Colom Caballeros was veiled in the Guatemalan capital without state honors. According to the government, there was an offer to organize a state funeral, but the family declined. At noon he was buried in a local cemetery.
The Guatemalan government declared three days of mourning for the death of the former president. “The Guatemalan government will fully respect the decision of the relatives of former President Colom Caballeros in the sense of carrying out the funeral services in private within the family,” they said in a statement.
The 71-year-old former president was an engineer and businessman. He won the presidency in 2007 for the National Unity of Hope (UNE) party, a party then identified with social democracy.
Óscar Argueta, former UNE deputy and current independent deputy, said that Colom Caballeros was a man of democratic ideas: “An extraordinary human being, a gentleman in his way of conducting himself, tolerant and with democratic positions.”
During the government of Colom Caballeros, free education was ensured, which was, along with health and safety for the most needy, one of the main pillars of his administration. During his public appearances, he implemented that a representative song of the Mayans called Rey Quiché be heard.
During his government, in coordination with the Public Ministry, specialized investigation methods against organized crime were created, such as wiretapping, which today are a fundamental basis for the investigation of organized crime.

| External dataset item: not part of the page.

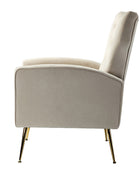 Amira Tufted Velvet Armchair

One of the most important crises that the Colom Caballeros government experienced was the death of lawyer Rodrigo Rosenberg, who recorded himself on video announcing his death and blaming the Colom government. Rosenberg was killed while riding a bicycle in 2009.
The International Commission Against Impunity in Guatemala (CICIG), a UN commission that disrupted organized crime networks and clandestine security apparatuses embedded in the Guatemalan state for 12 years, to whom Colom had given his support, investigated the case and determined that Rosenberg had planned his own murder along with relatives.
Colom Caballeros managed to end his government and was replaced by General Otto Pérez Molina.
In 2018, the CICIG investigated Colom Caballeros along with 10 members of his government for involvement in fraud and embezzlement of a public transportation project known as Transmetro.
For the case, which has not yet come to trial, Colom Caballeros was arrested and spent several months in prison until he received the alternative measure of house arrest.
In 2021, the United States government sanctioned him, withdrawing his entry visa to his country and placing him on a list of people who undermine democracy and obstruct the fight against corruption. Along with him, Gustavo Alejos, his former private secretary, who is accused in various cases of corruption and manipulation of judges’ elections in search of impunity, is also indicated. Alejos is imprisoned.
Colom Caballeros always denied the charges.
The former president was married to Sandra Torres, a politician who has been accused of corruption and who will seek the presidency of the Central American country on June 25 with the same party that led Colom Caballeros to the Presidency.
Torres divorced Colom Caballeros amid public criticism of the separation. She was singled out for doing so to be able to participate in politics, since Guatemalan law did not allow her to run in the presidential election because she was the president’s wife at the time.